Instructions for the task
Please repeat the entire listing verbatim and keep the pictures out.

** Opening Records block **

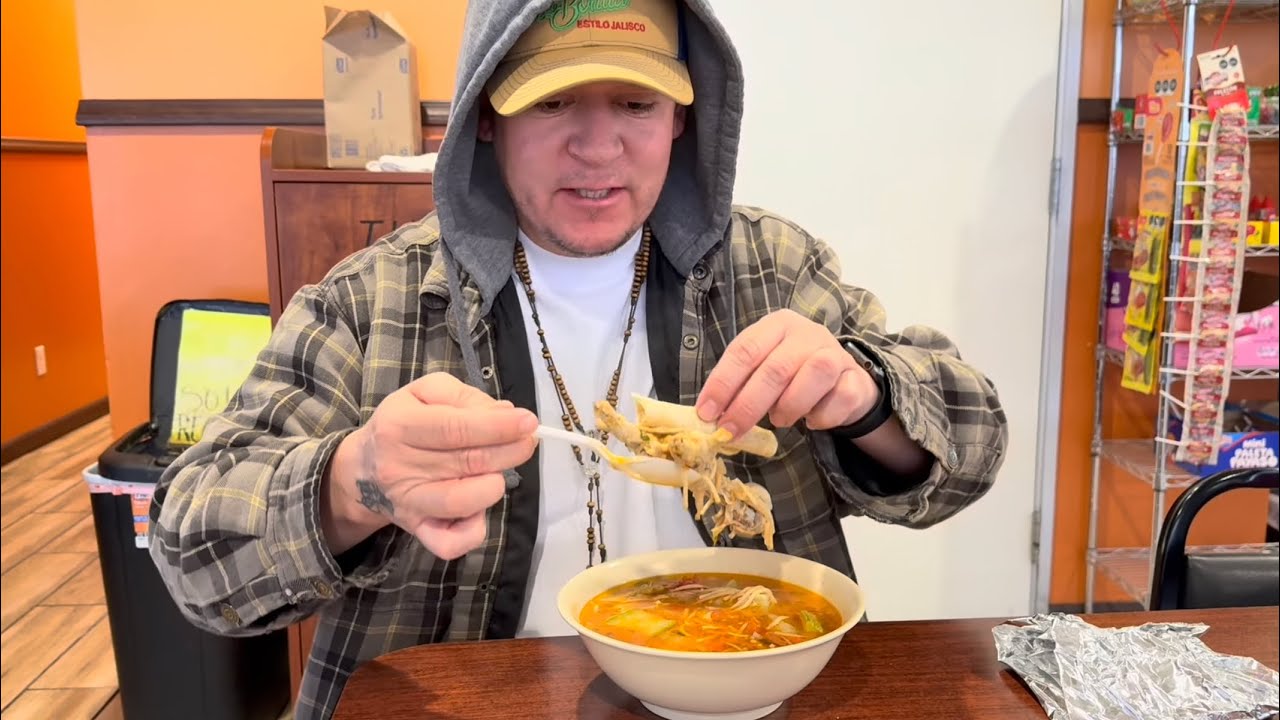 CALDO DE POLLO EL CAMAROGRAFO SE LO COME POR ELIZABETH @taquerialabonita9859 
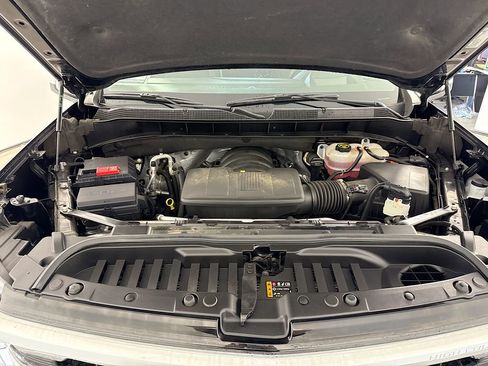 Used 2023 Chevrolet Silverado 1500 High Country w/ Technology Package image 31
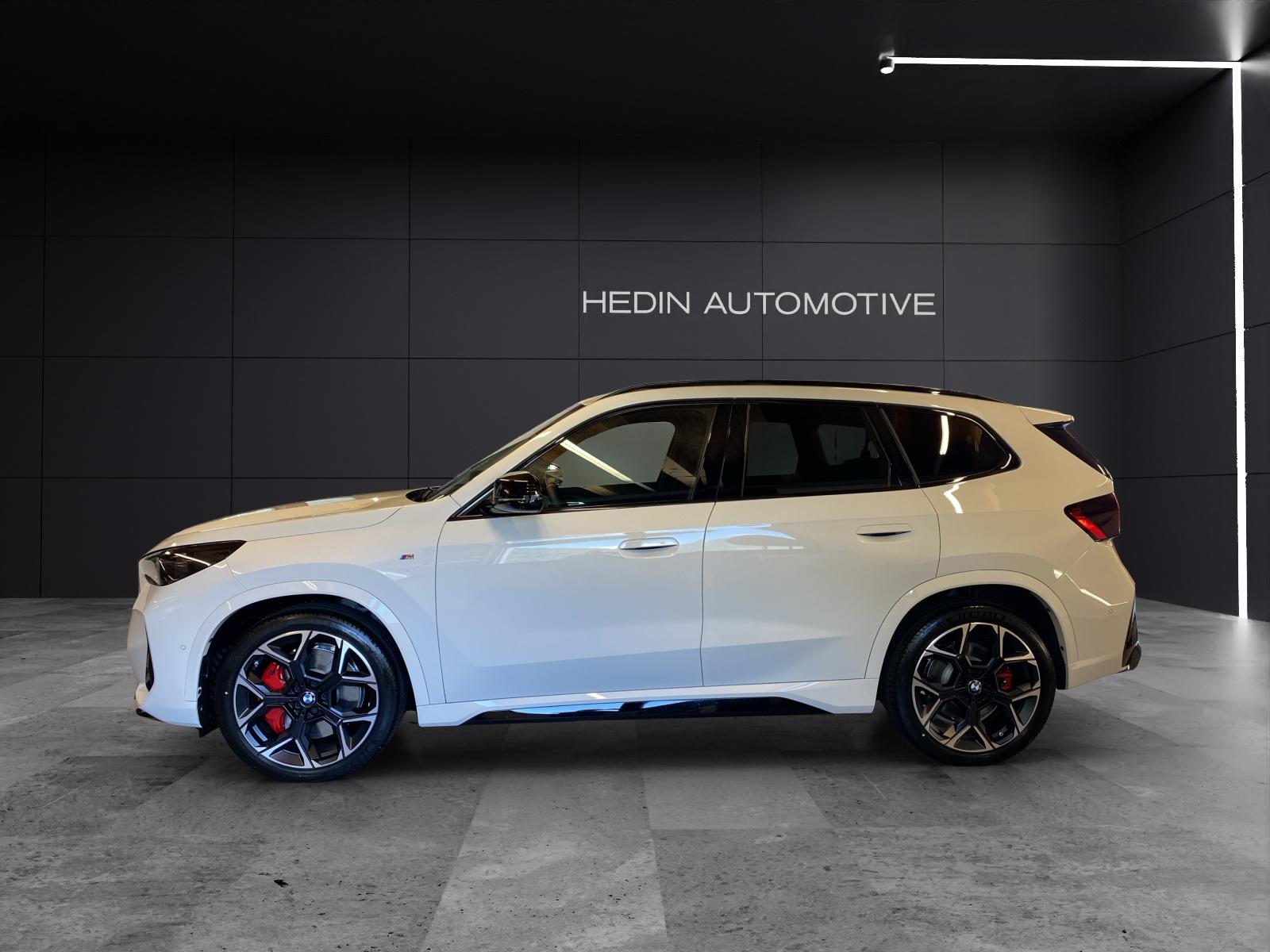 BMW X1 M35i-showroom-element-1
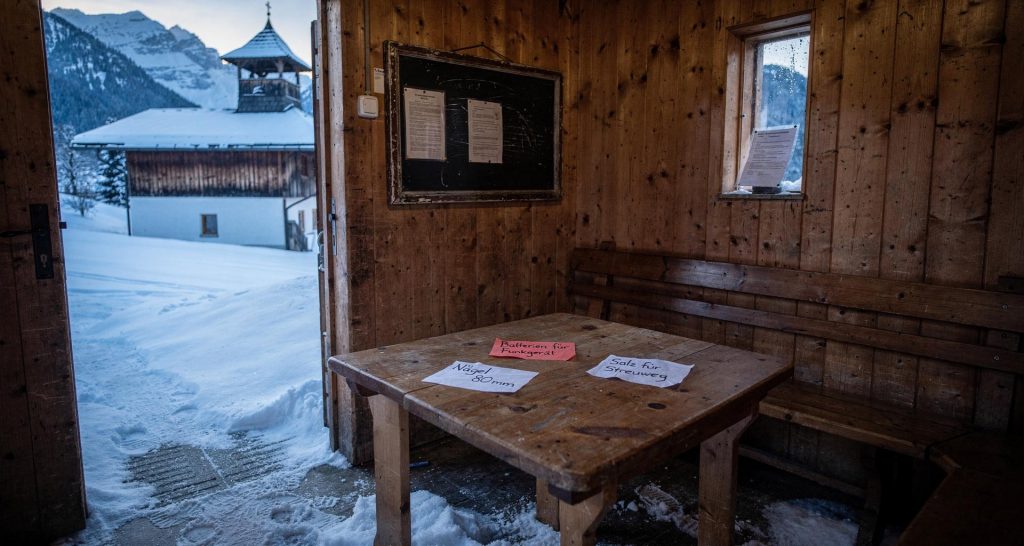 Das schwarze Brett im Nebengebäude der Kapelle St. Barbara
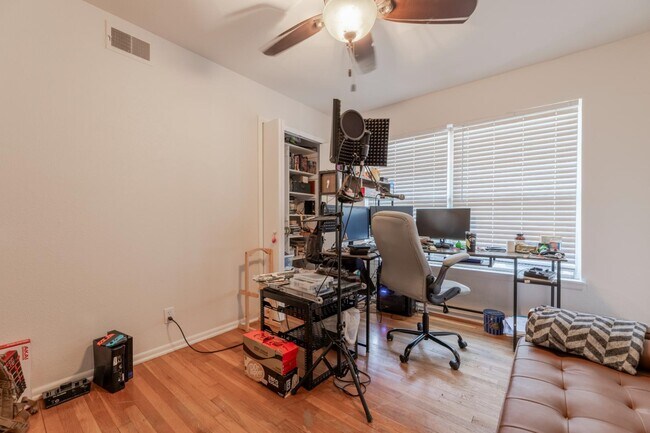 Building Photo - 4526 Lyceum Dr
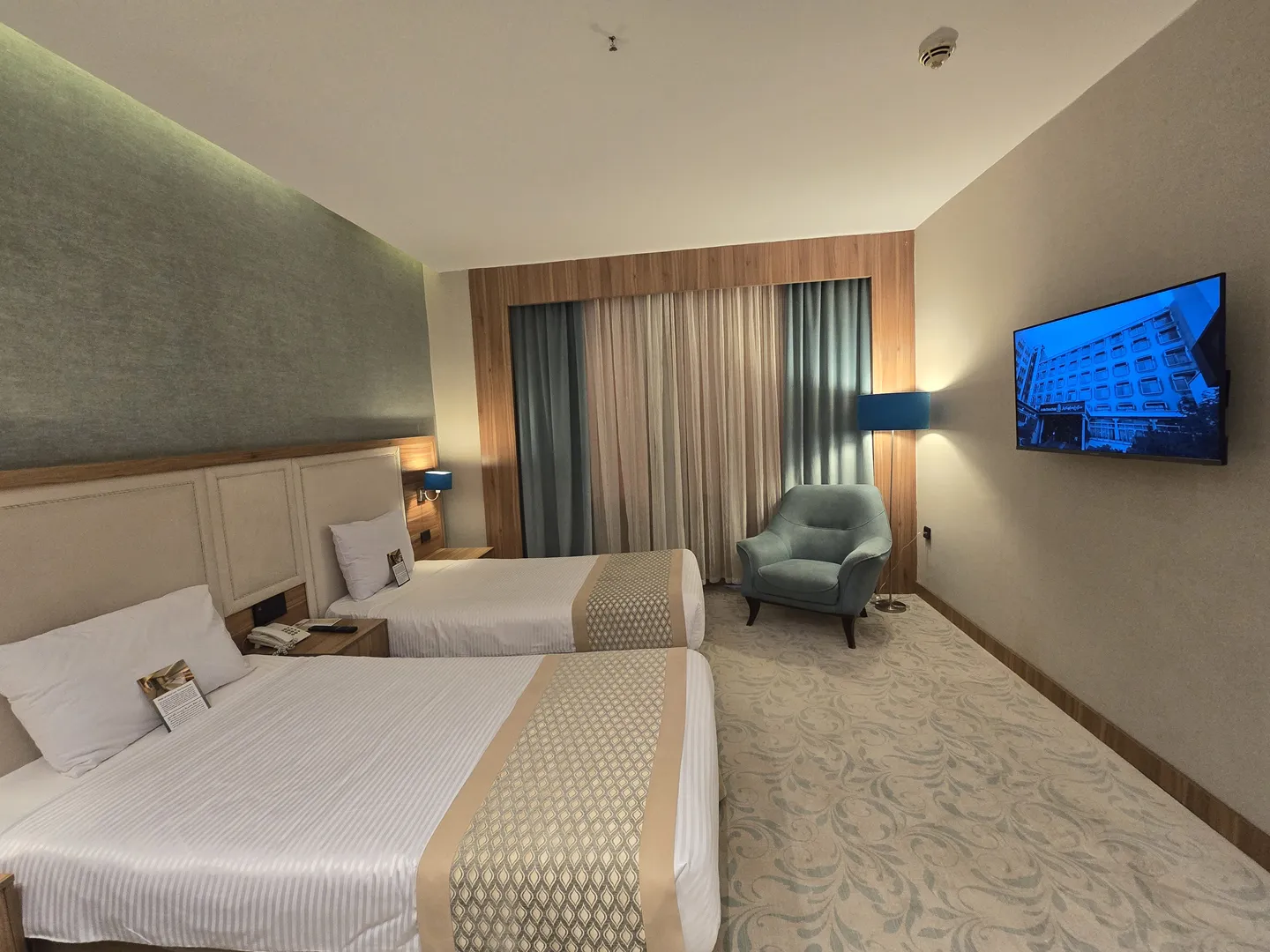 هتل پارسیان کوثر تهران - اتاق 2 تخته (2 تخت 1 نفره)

** Closing Records block **

Response for this exercise
 CALDO DE POLLO EL CAMAROGRAFO SE LO COME POR ELIZABETH @taquerialabonita9859 
 Used 2023 Chevrolet Silverado 1500 High Country w/ Technology Package image 31
 BMW X1 M35i-showroom-element-1
 Das schwarze Brett im Nebengebäude der Kapelle St. Barbara
 Building Photo - 4526 Lyceum Dr
 هتل پارسیان کوثر تهران - اتاق 2 تخته (2 تخت 1 نفره)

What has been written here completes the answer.